Sub-grade
Visibility — can AI agents reach your website?
Visibility is the AAIO sub-grade covering whether AI agents can fetch your pages at all — robots.txt that allows the right user-agents, a CDN that doesn't silently block them, a sitemap they can discover, and (increasingly) an llms.txt that maps your site for them. Most sites quietly fail one of these. Three scored parameters covering bot access, CDN blocking, and indexation.
By Chris Mühlnickel · 2026-05-04
What is Visibility?
Visibility (in AAIO) is the set of access-layer signals — robots.txt policy, CDN bot policy, indexability, sitemap, llms.txt — that determine whether an AI agent can fetch your site's content at all.
By the numbers
- ~50% — of AI crawler traffic on Cloudflare's network in Aug 2025 came from ClaudeBot + GPTBot combined. (Cloudflare blog — AI crawler traffic by purpose and industry · 2025-08-28)
- 50,000:1 — Anthropic's crawl-to-refer ratio. OpenAI 887:1, Perplexity 118:1 — agents take far more than they send back. (Cloudflare blog — AI crawler traffic by purpose and industry · 2025-08-28)
- ~20% — of Googlebot's 4.5B monthly volume now comes from AI crawlers — GPTBot 569M, Claude 370M, PerplexityBot 24M. (Vercel — The rise of the AI crawler · 2024-12-17)
Why it matters
Access failures are silent — the agent doesn't tell you, it just doesn't cite you.
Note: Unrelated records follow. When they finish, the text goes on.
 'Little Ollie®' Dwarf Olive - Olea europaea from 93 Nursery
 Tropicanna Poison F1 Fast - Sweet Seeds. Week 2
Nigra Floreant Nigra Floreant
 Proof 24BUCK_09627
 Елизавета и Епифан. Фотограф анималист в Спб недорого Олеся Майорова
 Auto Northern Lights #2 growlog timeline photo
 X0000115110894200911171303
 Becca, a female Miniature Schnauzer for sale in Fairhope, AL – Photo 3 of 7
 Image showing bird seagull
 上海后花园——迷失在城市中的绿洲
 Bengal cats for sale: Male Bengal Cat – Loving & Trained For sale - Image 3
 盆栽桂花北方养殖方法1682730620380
Cloudflare's crawl-to-refer ratios make this brutally clear: when ChatGPT or Claude or Perplexity decides not to fetch your page, you don't see a 4xx in your logs (the request never happens). You don't see a missing citation in their output (you never know what they almost cited). You just see your competitors getting cited and don't know why. The first mover advantage of being scannable is invisibility-of-the-other-guys.
CDN bot-fight modes are well-intentioned and broadly correct, but often default to blocking AI agents. Cloudflare bot-fight, AWS Shield, Akamai bot manager — all designed for malicious bot mitigation, all configurable for AI agent access. The default rules are conservative, which means AI agents get blocked at the edge unless you explicitly allow them. Most site owners don't know this is happening; the symptom is the absence of citations, which is hard to attribute to a single config.
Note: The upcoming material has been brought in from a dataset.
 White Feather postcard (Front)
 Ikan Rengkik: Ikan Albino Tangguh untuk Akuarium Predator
robots.txt is now a citation policy, not just a crawler policy. What you allow shows up in AI Overviews, ChatGPT Search, and Claude responses; what you block disappears from them. The reflexive 2023-era "block AI" decision was made by site owners who hadn't yet seen what allowing AI agents gives them: organic mentions, citations in answer surfaces, and zero-cost discovery from a fast-growing channel. Block decisions made today should be deliberate, narrow, and re-evaluated quarterly.
llms.txt is an emerging convention but a cheap, high-signal one. Adopters get a discoverability premium today before the convention is universal. The format is dead simple — a Markdown file at /llms.txt with a site summary, key URLs, and pointers to richer content. The cohort that ships it now (Stripe, Twilio, Linear, Notion) is exactly the cohort that wins agent-traffic share earliest. Adoption beats perfection.
SEO best practices carry forward to agents — but with sharper consequences when you fail them. XML sitemap, canonical URLs, server-side rendering, mobile-friendly responsive layouts. Each of these matters for human search and for agents. The difference: a slow human will reload; a JS-only critical content section that takes 4 seconds to render is a hard fail for an agent that doesn't execute JavaScript at all. Pre-existing SEO debt is amplified at the agent layer.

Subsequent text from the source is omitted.